While it sounds simple enough, the complexity of the course requires a skill set beyond that of a non-tactical driver. A successful negotiation of the course entails bumpers coming within inches of the cones and rapid maneuvering through the succession of scenarios.
“We have a lot of blind spots in these cars with the cages, computers, cameras, radars and other equipment,” he said.
“We want them to be able to drive their cars confidently through tight areas, because there are a lot of tight areas in Sheridan, and that will in turn reduce property damage to our cars,” Balthazor continued. “We’ve never had any serious crashes in our recent history. However, we do get cut bumpers, cracked fenders simply from officers misjudging their fender.”
“This isn’t a pass/fail type deal,” King said, adding the course is a tool that enables an officer to become familiar not only with their personal limits, but the limits of their vehicle. “We want them to know what they can and can’t do.”

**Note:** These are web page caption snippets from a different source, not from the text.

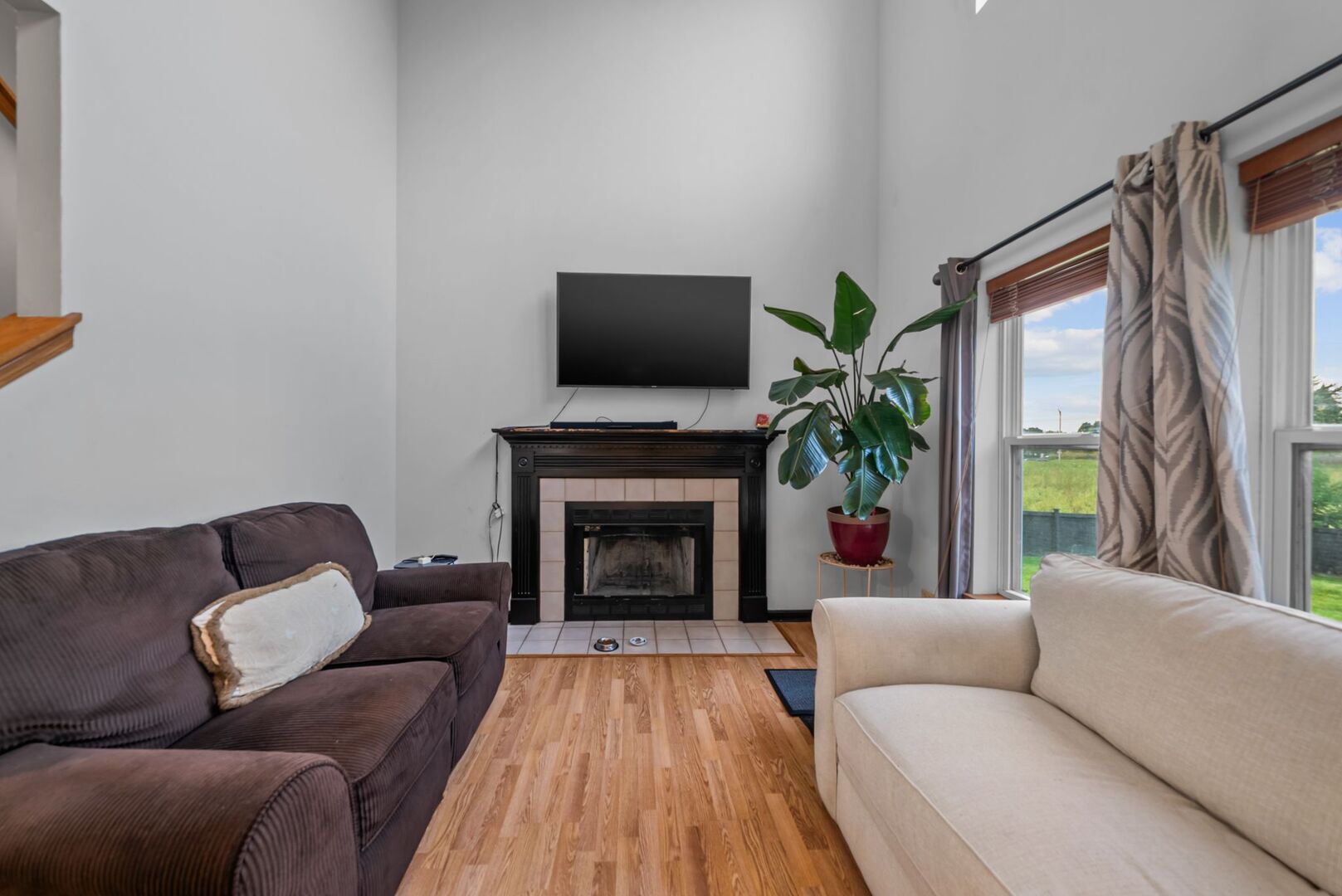property viewer photo 15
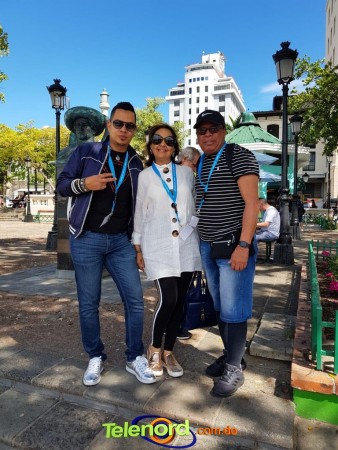 Telenordcomdo00014 Telenordcomdo00014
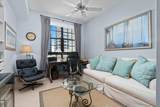 801 Olive Avenue - Photo 48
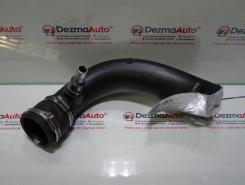 Tub aer 30714480, Volvo XC60, 2.4d, D5244T5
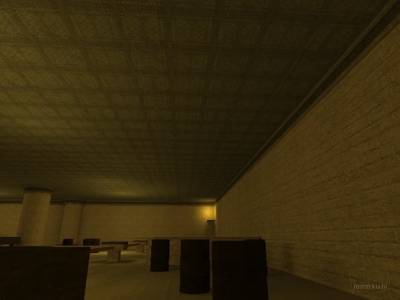 bhop_quep thumb 11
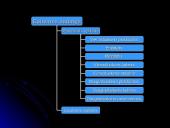 Audinių grupės 8 puslapis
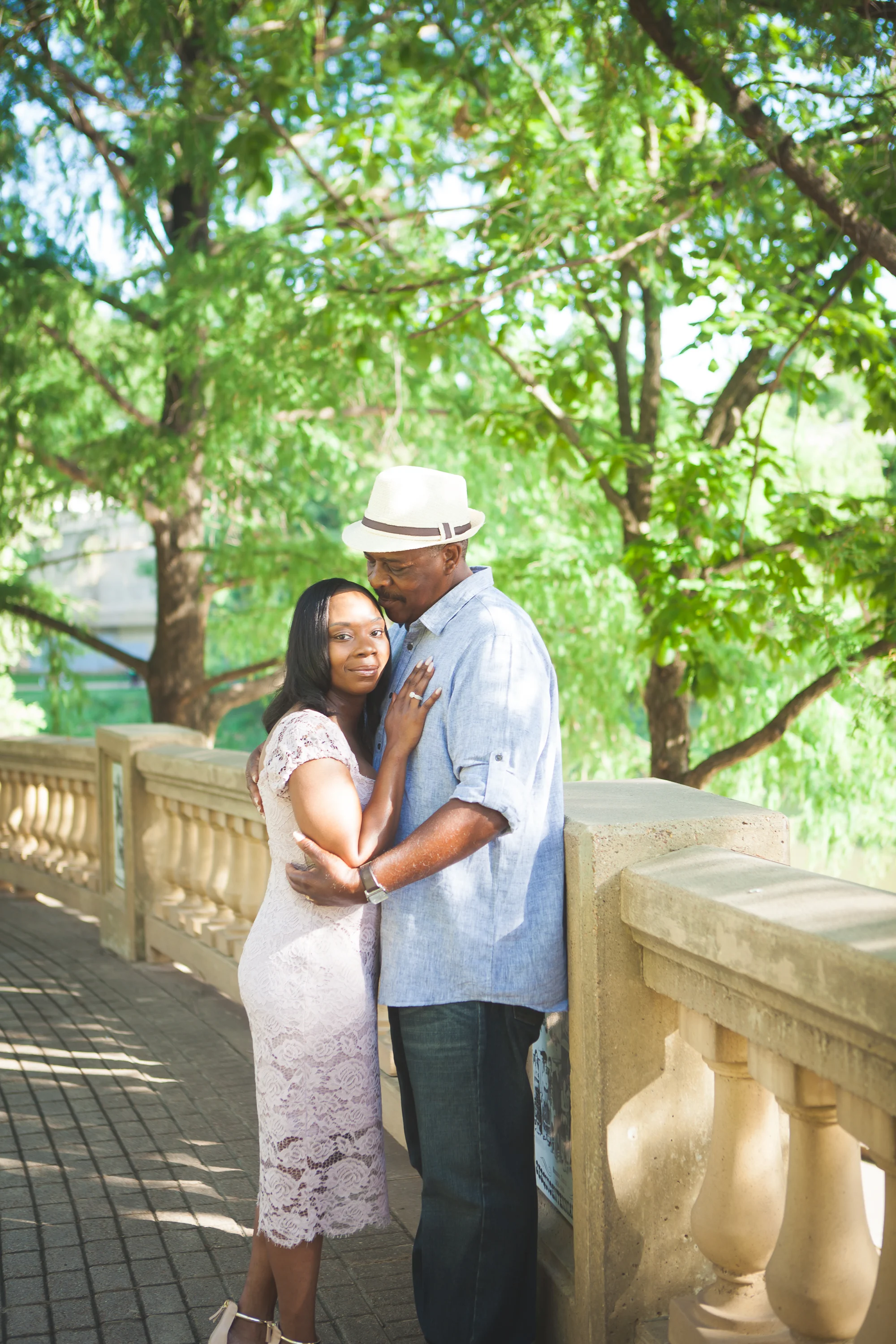 Diana&Anthony-18.jpg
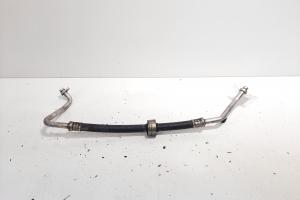 Conducta clima, cod 924540125R, Dacia Sandero 2 Stepway, 1.5 DCI, K9K612 (idi:588150) din dezmembrari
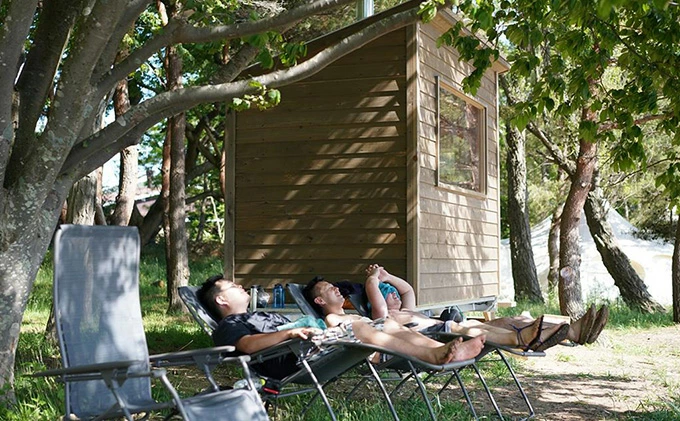 繝舌Ξ繝ォ繧オ繧ヲ繝翫壹い繝√こ繝繝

The training exercise is the first driving practice for Sgt. Jeff Forsythe since he completed police school in 1997. He said that although driving is a big chunk of an officer’s job, specialized training reinforces the officers’ skill sets.
“It gives us confidence because we come out here and do things we don’t do on a daily basis. Then, if you find yourself in a position where you find you need to use those skills, you’ve got the confidence to do it,” Forsythe said.
King said another key element of EVO training entails controlling the officers’ adrenaline, especially when a high-speed “serpentine,” or slalom, station that burns rubber off the patrol car tires is followed by a series of more meticulous maneuvers.
“They go fast and keep the car going where it’s going, but then they’ll have to turn around and bring that excitement right back down so they don’t hit the cones,” King said.
Forsythe estimated there have been about six high-speed chases through town over the course of the past year. King said high speed driving in town is almost unheard of for officers because of the public safety risk it poses. However, backing down tight alleyways and negotiation of narrow streets is almost a daily occurrence for a patrol officer.
Forsythe said EVO training was part of the department’s skills maintenance training program that features a new skill every six weeks.
“We do a lot of firearms, custody and patrol training,” Balthazor said, “but, this is the first time we’ve done EVO. It just hones the skills we already have.”
Balthazor said he plans to incorporate EVO training into the department’s training regimen for new hires and hopes to repeat the training periodically.